▶ **ACTIVITY**: Although pictures appear in the records, the copy must leave them out and match everything else exactly.

▶ **SUPPLIED RECORDS**:
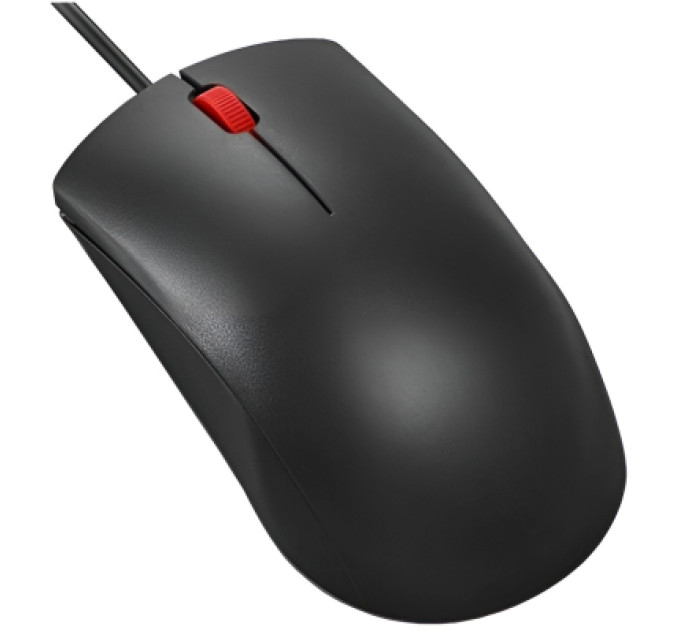 LENOVO Мишка Lenovo 120 USB Black (GY51L52636)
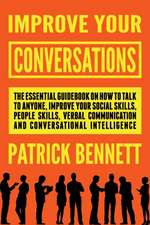 Improve Your Conversations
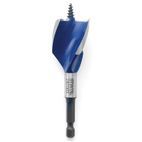 IRWIN® Blue Groove 6X Stubby Wood Bit additional 21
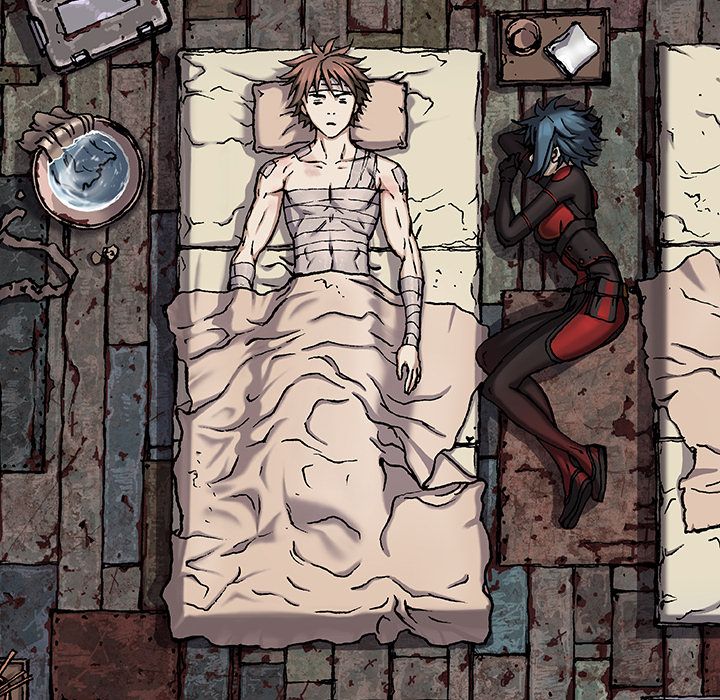 DeepWater Chapter 72 page 40 - Chapter 72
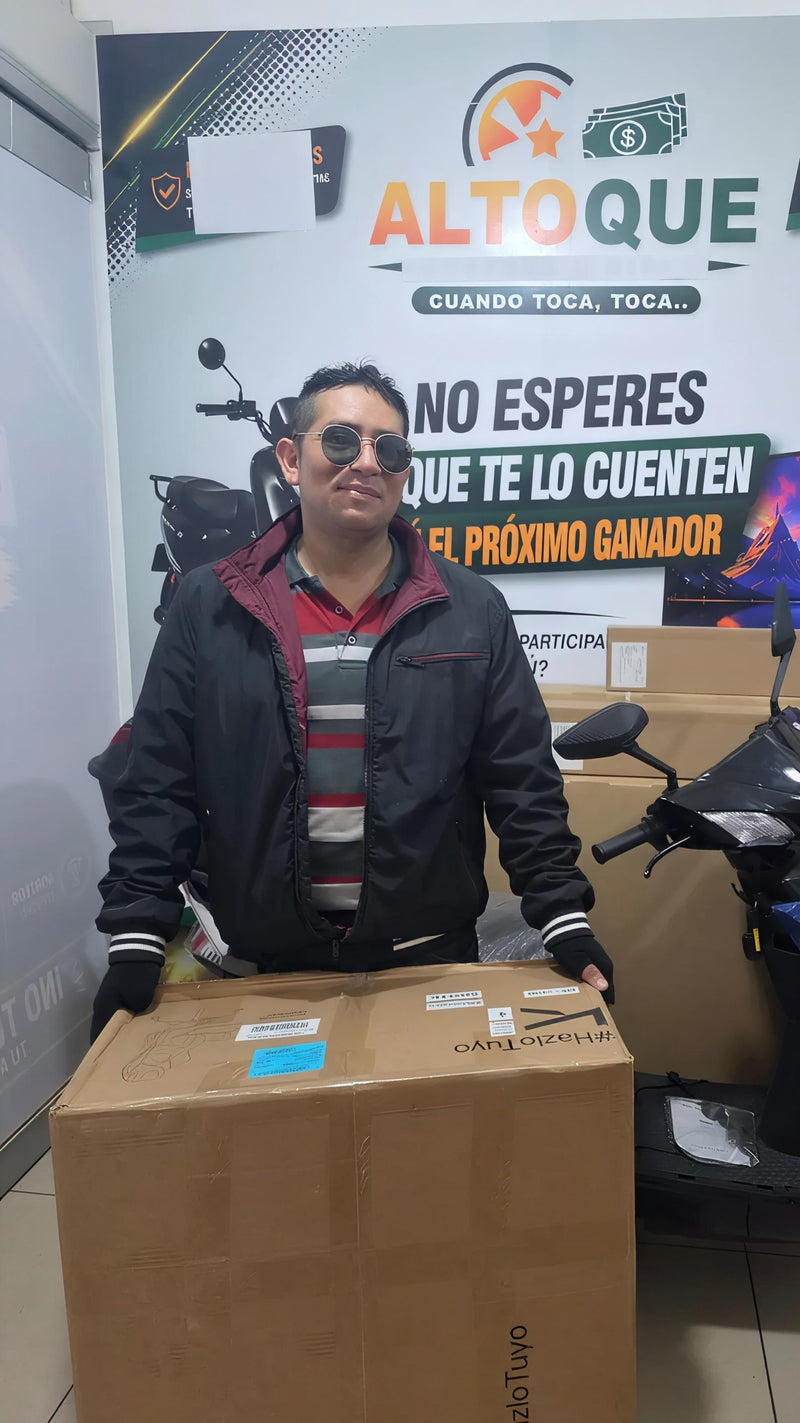 ¡GANADOR DE LA SILLA GAMER!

▶ **RESPONSE AREA**:
 LENOVO Мишка Lenovo 120 USB Black (GY51L52636)
 Improve Your Conversations
 IRWIN® Blue Groove 6X Stubby Wood Bit additional 21
 DeepWater Chapter 72 page 40 - Chapter 72
 ¡GANADOR DE LA SILLA GAMER!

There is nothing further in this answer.